_EXERCISE OBJECTIVE:_ Write out exactly the lines from the one containing "特级全钢(163C芯片版)【进口牛皮💋 M23951黑色金】【Capucines mini" through the last line of the records below, both included, and leave out any pictures.
╔══
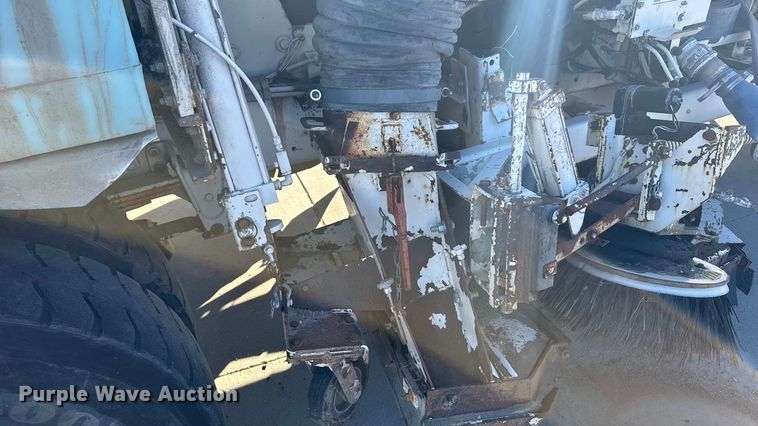 image for item EU6286 2000 Elgin Whirlwind street sweeper truck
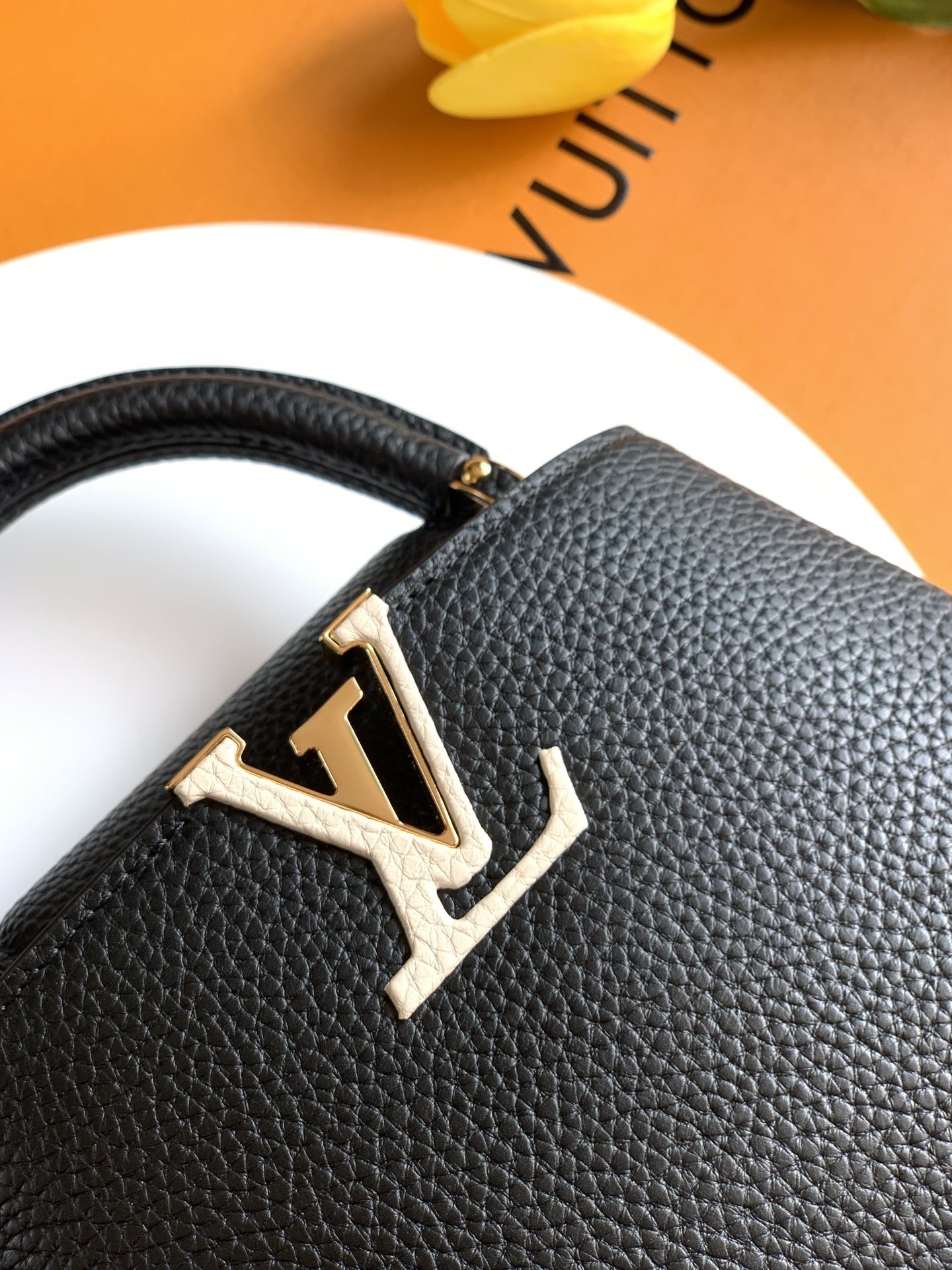 特级全钢(163C芯片版)【进口牛皮💋 M23951黑色金】【Capucines mini 手袋】由全粒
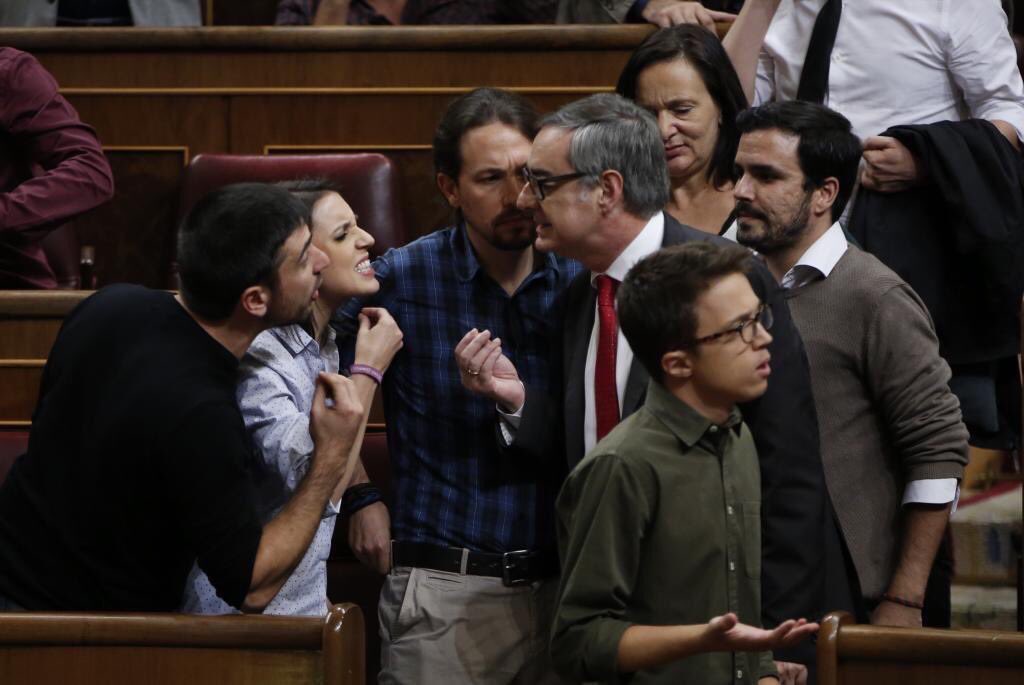 - El dissabte comprarem cassalla a miges i te l'emportares
+Cassalla? 
-Si,  CER VE RÓ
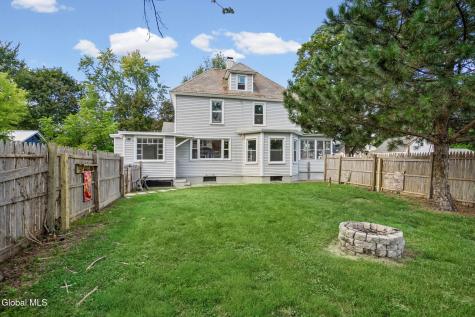 1471 Helderberg Avenue Schenectady NY 12306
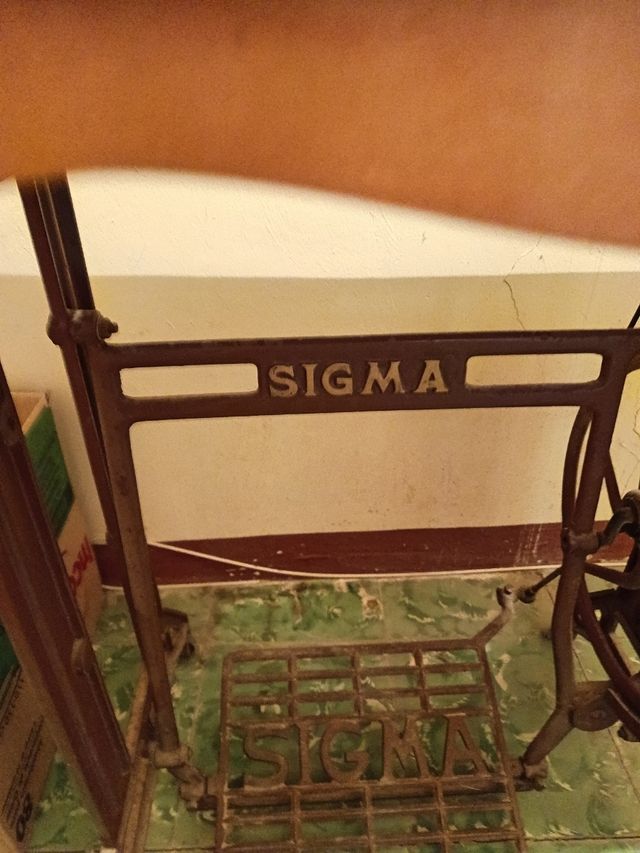 Máquina de coser sigma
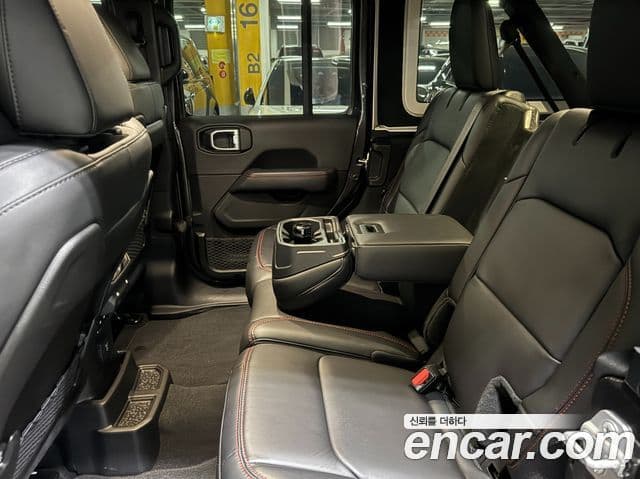 Jeep Wrangler 2025 — Şəkil 9/20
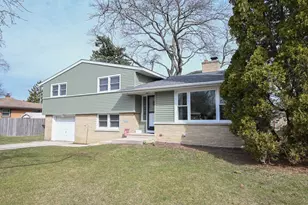 1110 Harmony Dr, Racine, WI 53402 - Photo 3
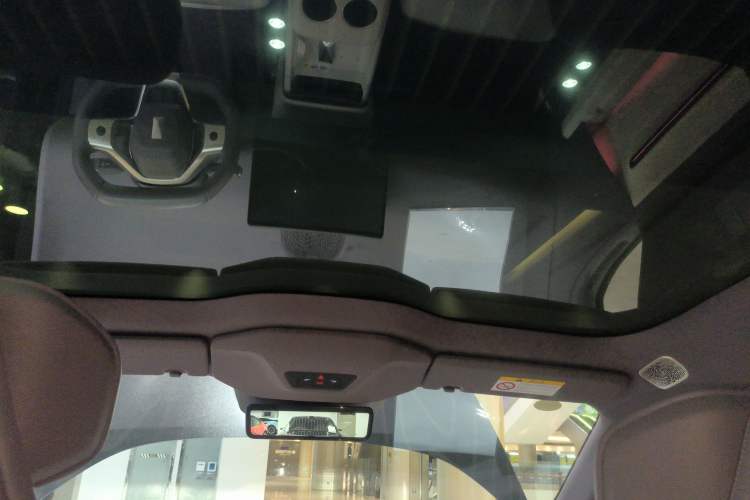 Used Avatr 06 2025 Max Extended-Range Edition Headliner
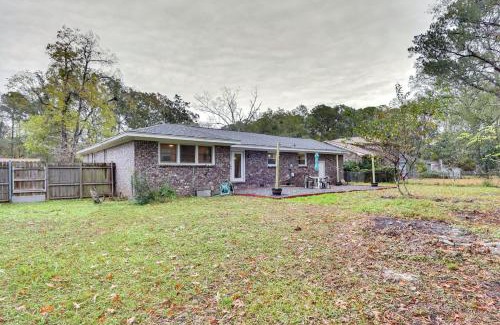 North Charleston House | Convenient North Charleston Escape with Hot Tub Amenities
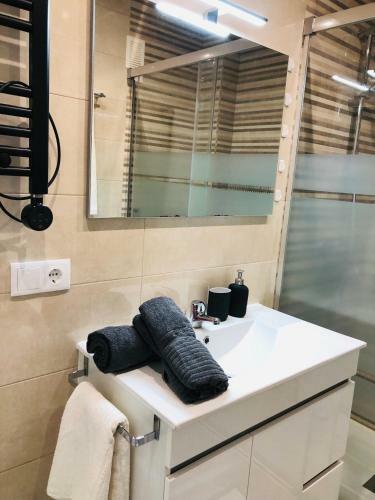 Precioso Apartamento Al Lado de El Corte Ingl�s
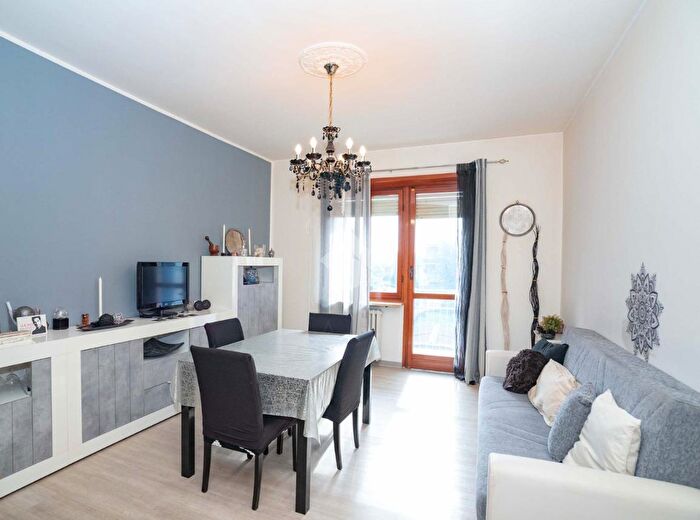 Appartamento trilocale in vendita in Via Gazzera, Cirie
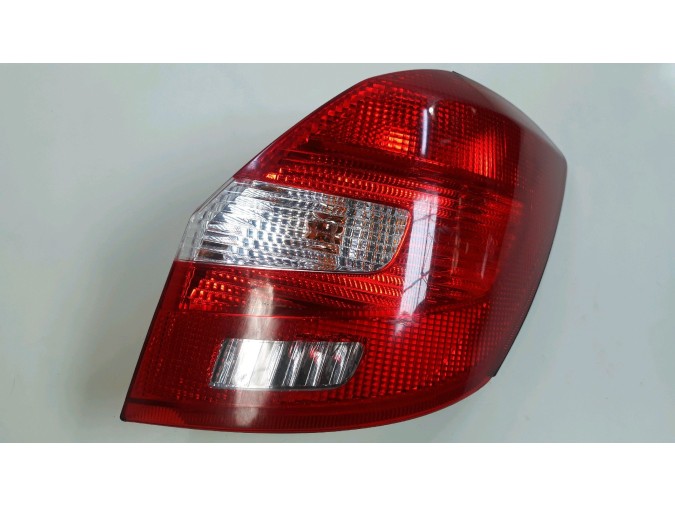 PILOTO TRASERO DERECHO SKODA FABIA 2014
╚══
_TASK RESULT:_
 特级全钢(163C芯片版)【进口牛皮💋 M23951黑色金】【Capucines mini 手袋】由全粒
 - El dissabte comprarem cassalla a miges i te l'emportares
+Cassalla? 
-Si,  CER VE RÓ
 1471 Helderberg Avenue Schenectady NY 12306
 Máquina de coser sigma
 Jeep Wrangler 2025 — Şəkil 9/20
 1110 Harmony Dr, Racine, WI 53402 - Photo 3
 Used Avatr 06 2025 Max Extended-Range Edition Headliner
 North Charleston House | Convenient North Charleston Escape with Hot Tub Amenities
 Precioso Apartamento Al Lado de El Corte Ingl�s
 Appartamento trilocale in vendita in Via Gazzera, Cirie
 PILOTO TRASERO DERECHO SKODA FABIA 2014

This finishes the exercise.